As implied above, a minor share of patients diagnosed with autosomal dominant hypercholesterolemia tests negative for any of the aforementioned mutations. Even though mutations may be detected that predispose for hypercholesterolemia, such as anomalies of genes GSBS and ITIH4, these are not usually considered sufficient to induce the disease. The true causes of these cases remain unknown, and they are not covered by the current classification scheme. The need for revision will eventually arise, as the molecular biological background and the pathogenesis of hypercholesterolemia are increasingly better understood.
Patient Information
Hyperlipoproteinemia type 2 is also referred to as familial hypercholesterolemia. It is a hereditary disorder of cholesterol metabolism, and affected individuals present increased levels of total cholesterol and low-density lipoproteins (LDL), whereby LDL are commonly described as "bad cholesterol". Eventually, excess blood fats are deposited in the cornea, skin, tendons, and arteries. The formation of plaques in the arterial walls is least visible but most detrimental; it leads to atherosclerosis and may trigger coronary heart disease and myocardial infarction.
Familial hypercholesterolemia is caused by mutations in the gene encoding for the LDL receptor. About 1 in 500 people has inherited such a mutation from one of their parents and is heterozygous for the pathogenic allele. Homozygosity, i.e., the inheritance of two defective alleles from both parents, occurs about once in a million births.
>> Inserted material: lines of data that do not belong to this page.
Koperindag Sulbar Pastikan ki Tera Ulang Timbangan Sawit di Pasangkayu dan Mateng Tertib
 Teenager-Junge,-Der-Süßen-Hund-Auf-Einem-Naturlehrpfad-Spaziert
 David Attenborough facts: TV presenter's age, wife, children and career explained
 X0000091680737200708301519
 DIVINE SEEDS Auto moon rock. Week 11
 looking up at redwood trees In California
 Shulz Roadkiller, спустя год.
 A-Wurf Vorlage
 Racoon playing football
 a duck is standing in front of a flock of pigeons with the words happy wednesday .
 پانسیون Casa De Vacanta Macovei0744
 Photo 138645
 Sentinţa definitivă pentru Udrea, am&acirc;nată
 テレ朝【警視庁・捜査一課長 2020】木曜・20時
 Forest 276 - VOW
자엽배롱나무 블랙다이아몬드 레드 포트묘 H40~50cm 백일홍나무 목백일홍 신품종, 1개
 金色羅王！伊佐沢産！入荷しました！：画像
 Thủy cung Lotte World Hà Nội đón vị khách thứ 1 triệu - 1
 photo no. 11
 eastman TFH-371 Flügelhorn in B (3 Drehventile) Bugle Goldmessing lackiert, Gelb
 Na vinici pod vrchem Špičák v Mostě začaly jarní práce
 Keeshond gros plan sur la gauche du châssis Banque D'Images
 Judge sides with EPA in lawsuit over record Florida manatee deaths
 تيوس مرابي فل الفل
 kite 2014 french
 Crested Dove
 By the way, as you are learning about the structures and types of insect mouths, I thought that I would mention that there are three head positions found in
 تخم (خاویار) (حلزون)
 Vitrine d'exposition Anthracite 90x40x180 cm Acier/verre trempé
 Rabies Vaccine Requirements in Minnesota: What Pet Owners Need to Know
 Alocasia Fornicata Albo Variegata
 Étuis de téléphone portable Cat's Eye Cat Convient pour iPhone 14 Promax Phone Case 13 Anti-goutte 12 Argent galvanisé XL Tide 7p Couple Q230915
Symptom onset in childhood and severe atherosclerosis by the end of the second decade of life are characteristic of homozygous familial hypercholesterolemia, but in heterozygous individuals, the risk of cardiovascular complications is far from negligible either: By the age of 50 years, 50% of patients have been diagnosed with coronary artery disease.
Although the deposition of blood fats in the arteries does not imply obvious complaints, it should be taken seriously. The life expectancy of people carrying defective LDL receptors largely depends on the early diagnosis and appropriate management of the disease.